## Work instructions
Begin with the line holding "Fashion Brand Company" and end with the last line of the records below. Set down exactly those lines and leave out every picture.

Saved entries
........

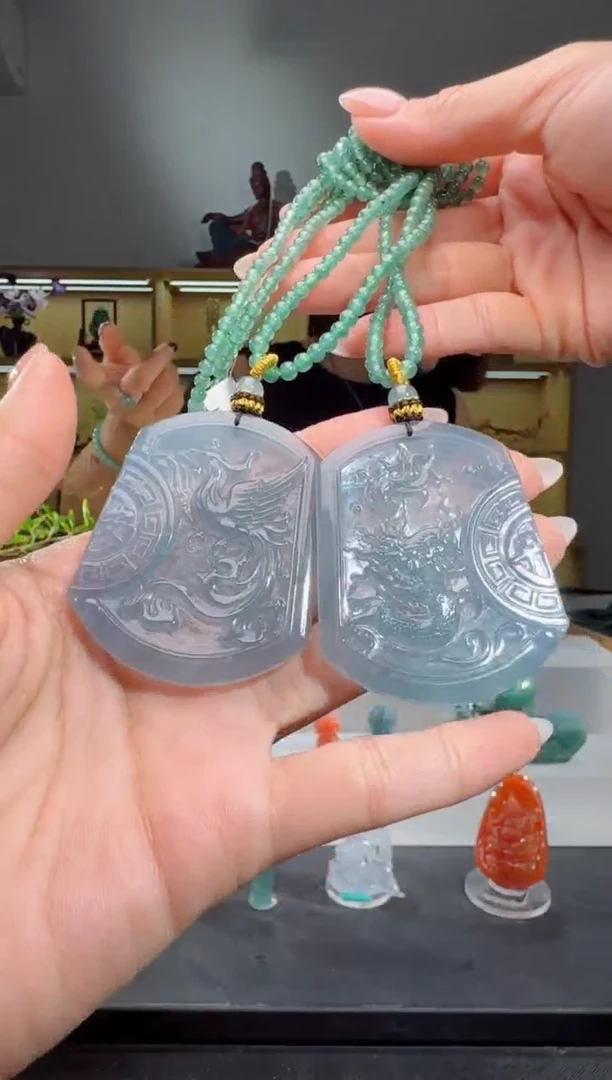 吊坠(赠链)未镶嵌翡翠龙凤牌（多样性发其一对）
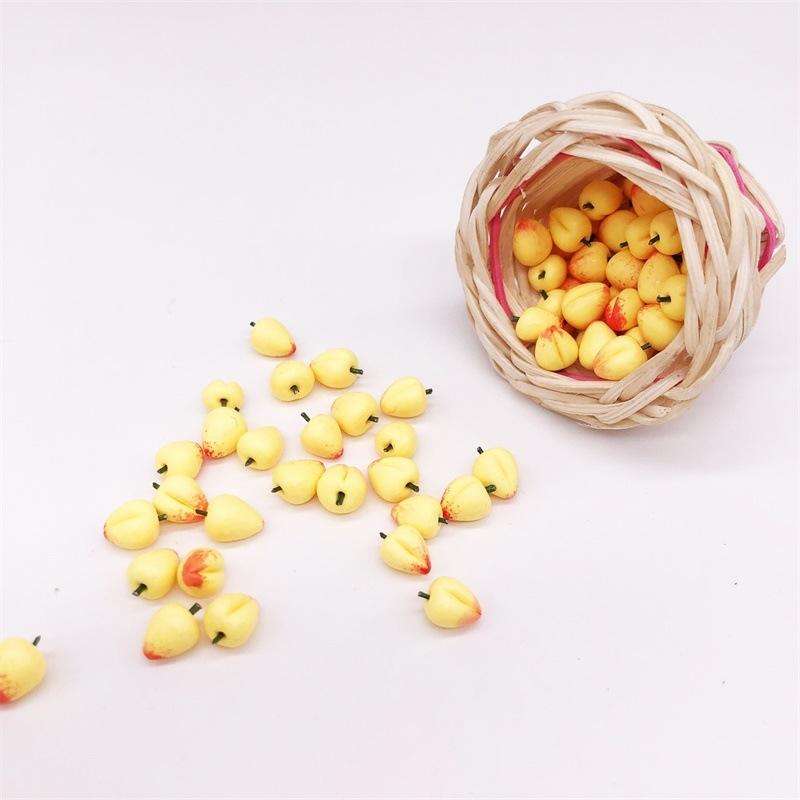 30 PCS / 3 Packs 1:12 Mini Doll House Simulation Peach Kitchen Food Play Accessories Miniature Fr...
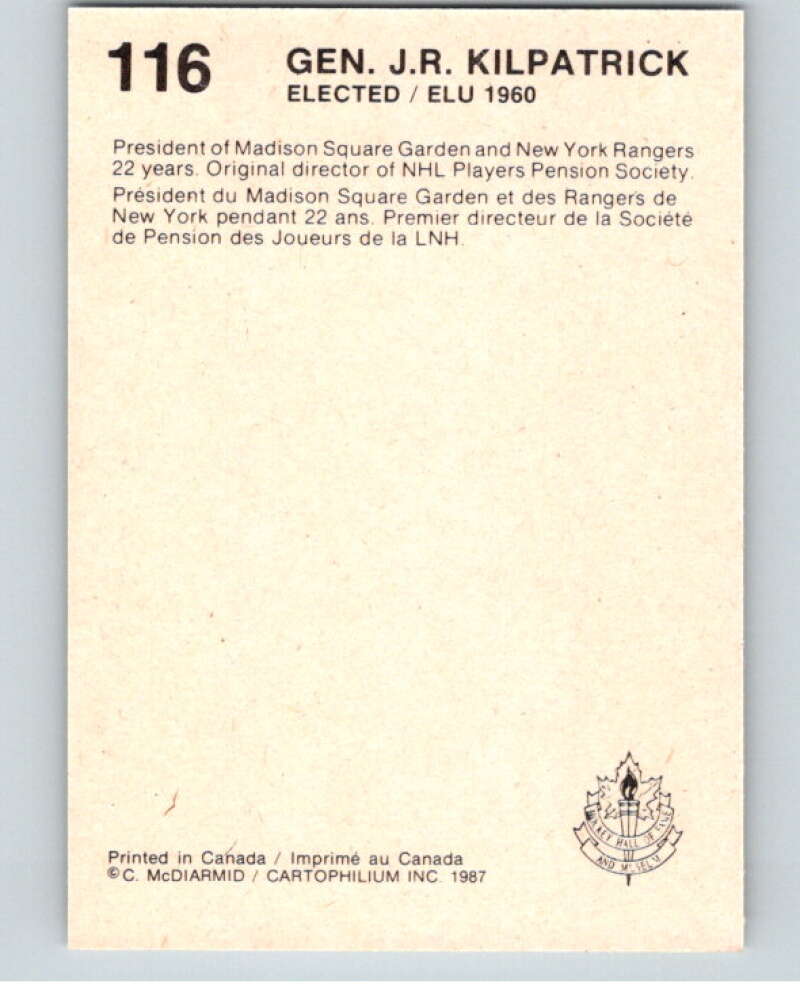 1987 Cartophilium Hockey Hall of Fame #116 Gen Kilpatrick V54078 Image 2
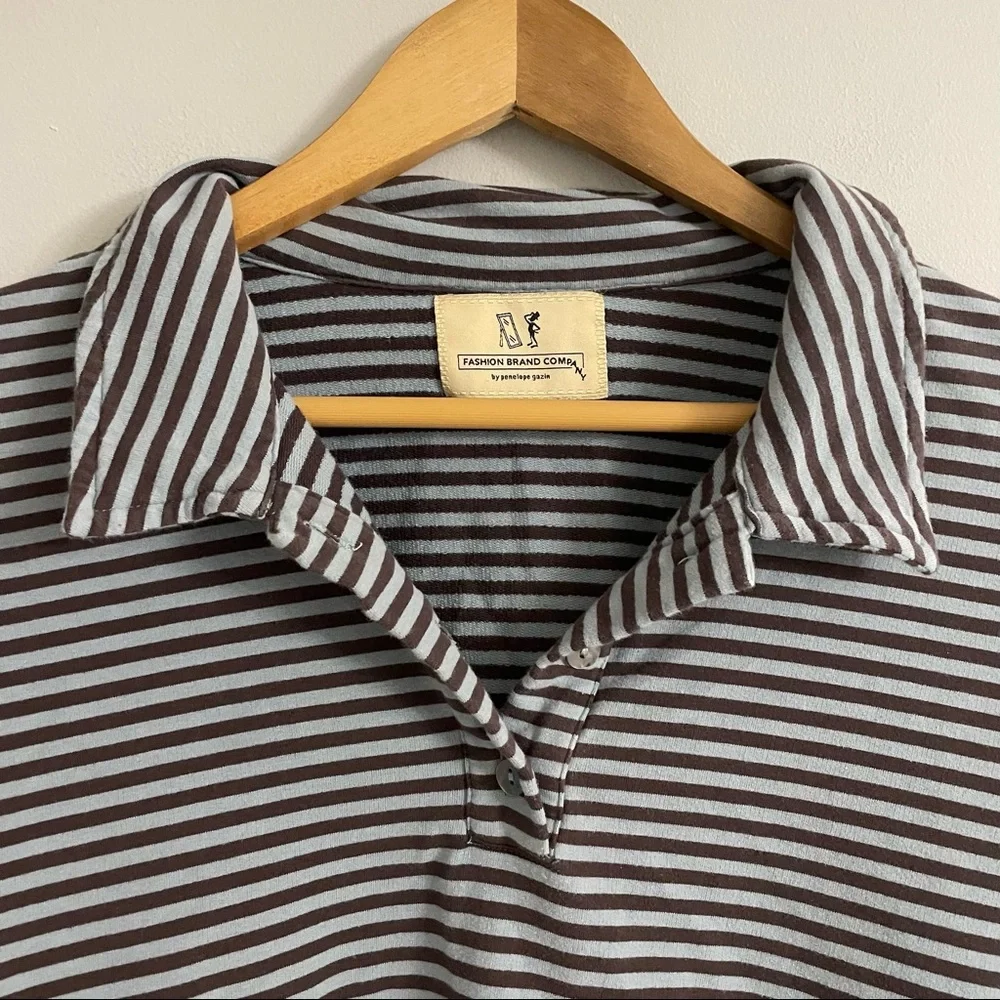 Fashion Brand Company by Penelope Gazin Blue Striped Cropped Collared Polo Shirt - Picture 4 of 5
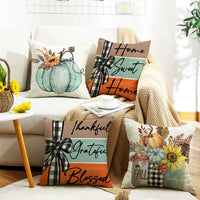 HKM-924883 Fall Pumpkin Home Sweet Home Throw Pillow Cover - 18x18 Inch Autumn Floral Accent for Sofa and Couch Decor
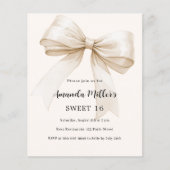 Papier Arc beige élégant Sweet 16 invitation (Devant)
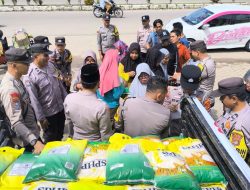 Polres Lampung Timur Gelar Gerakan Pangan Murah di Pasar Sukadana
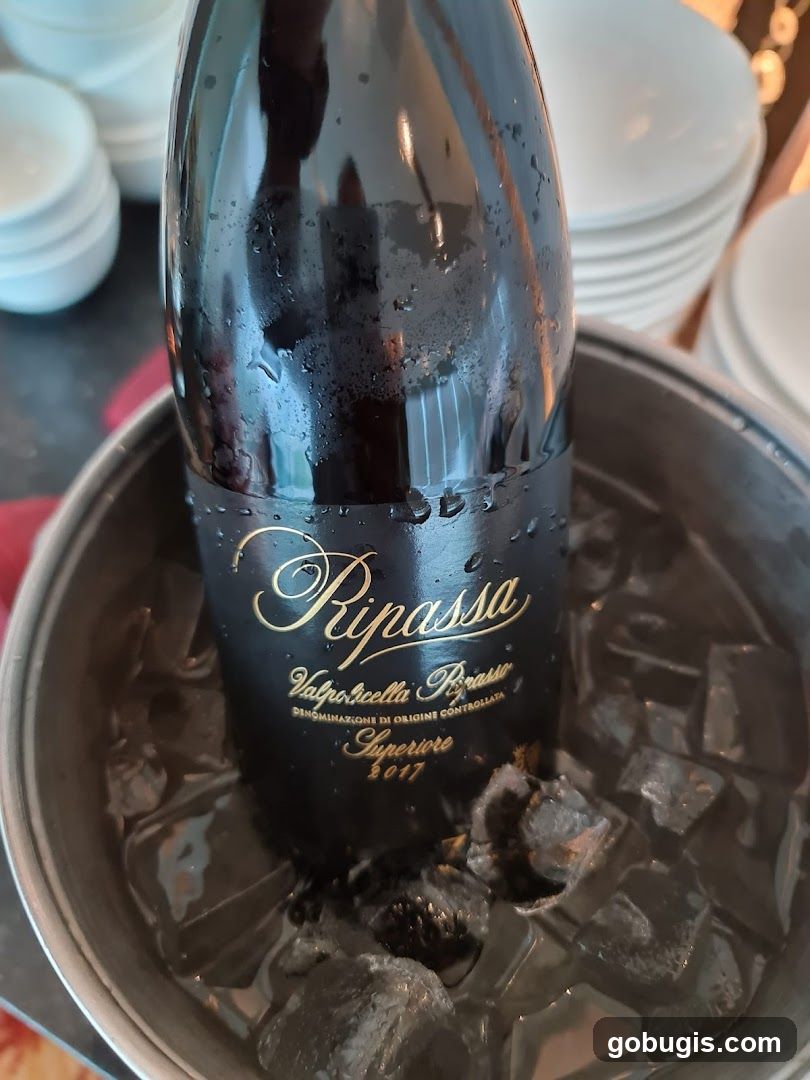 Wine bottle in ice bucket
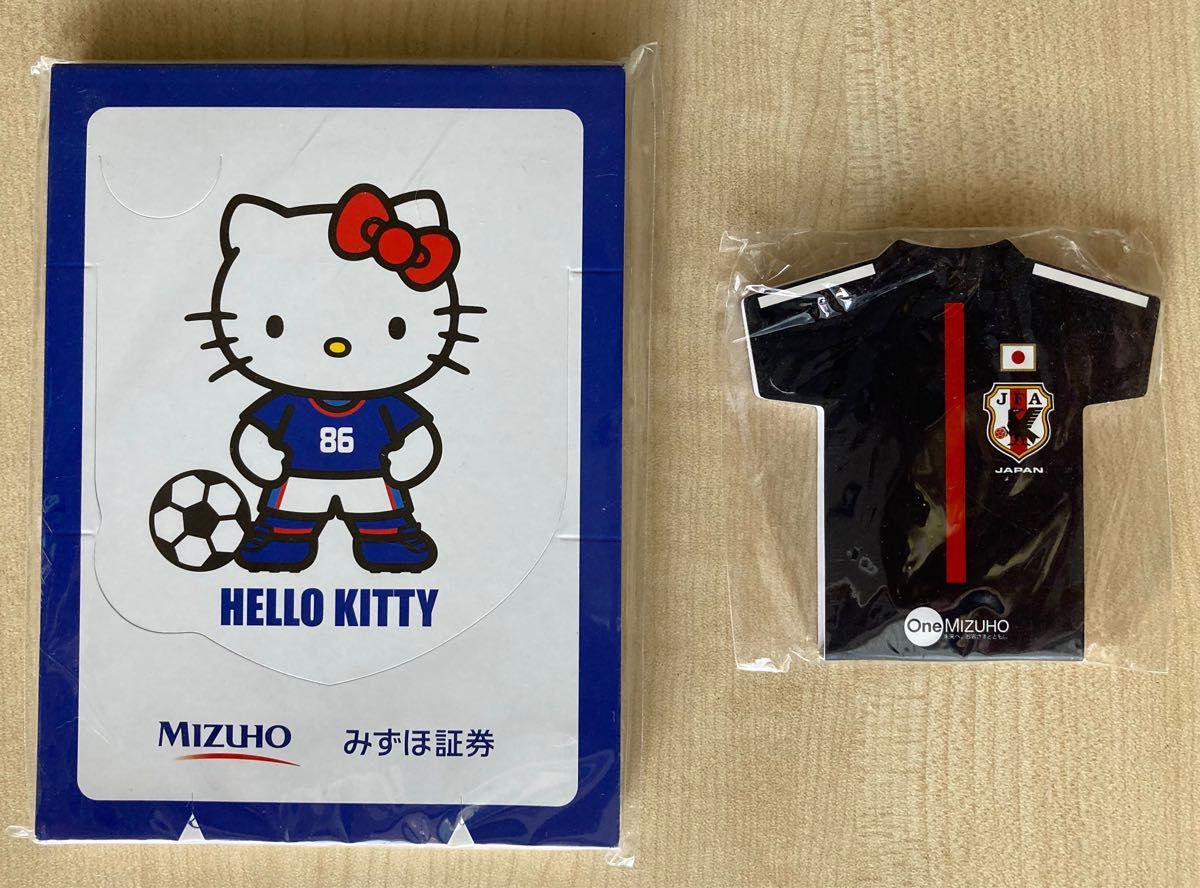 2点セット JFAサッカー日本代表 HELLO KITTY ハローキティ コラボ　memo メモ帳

........

## Answer to this exercise
 Fashion Brand Company by Penelope Gazin Blue Striped Cropped Collared Polo Shirt - Picture 4 of 5
 HKM-924883 Fall Pumpkin Home Sweet Home Throw Pillow Cover - 18x18 Inch Autumn Floral Accent for Sofa and Couch Decor
 Papier Arc beige élégant Sweet 16 invitation (Devant)
 Polres Lampung Timur Gelar Gerakan Pangan Murah di Pasar Sukadana
 Wine bottle in ice bucket
 2点セット JFAサッカー日本代表 HELLO KITTY ハローキティ コラボ　memo メモ帳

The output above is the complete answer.